● PROBLEM TO WORK ON:
Pictures are to be left out; every line from the one with "Maryland residents receive" through the end of the data must be transcribed exactly.

● SOURCE DATA:

=-=-=-=-=

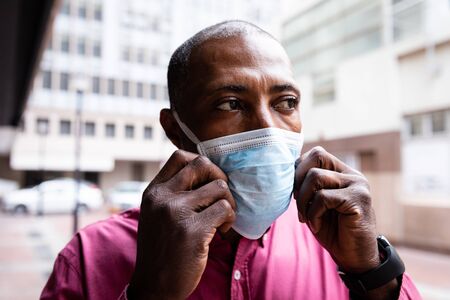 African American man out and about in the city streets during the day, putting on a face masks against air pollution and covid19 coronavirus.の写真素材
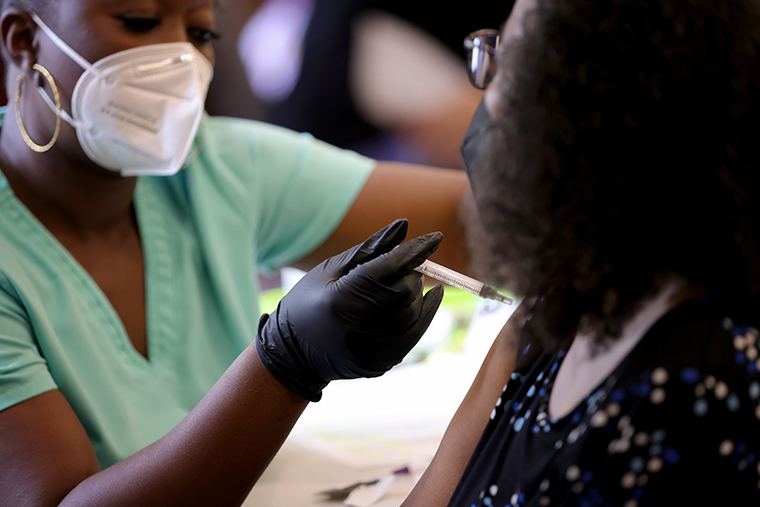 Maryland residents receive their second dose of the Moderna coronavirus vaccine at the Cameron Grove Community Center on March 25, 2021 in Bowie, Maryland. 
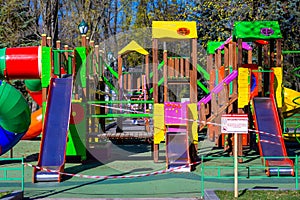 Children`s playground closed and wrapped in alarm caution tape for global coronavirus quarantine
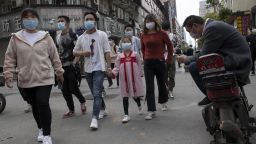 Residents walk along a retail street in Wuhan in central China's Hubei province on Wednesday, April 8, 2020. The city of 11 million people was locked down Jan. 23 to contain the coronavirus. (AP Photo/Ng Han Guan)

=-=-=-=-=

● RESULT OF THE TASK:
 Maryland residents receive their second dose of the Moderna coronavirus vaccine at the Cameron Grove Community Center on March 25, 2021 in Bowie, Maryland. 
 Children`s playground closed and wrapped in alarm caution tape for global coronavirus quarantine
 Residents walk along a retail street in Wuhan in central China's Hubei province on Wednesday, April 8, 2020. The city of 11 million people was locked down Jan. 23 to contain the coronavirus. (AP Photo/Ng Han Guan)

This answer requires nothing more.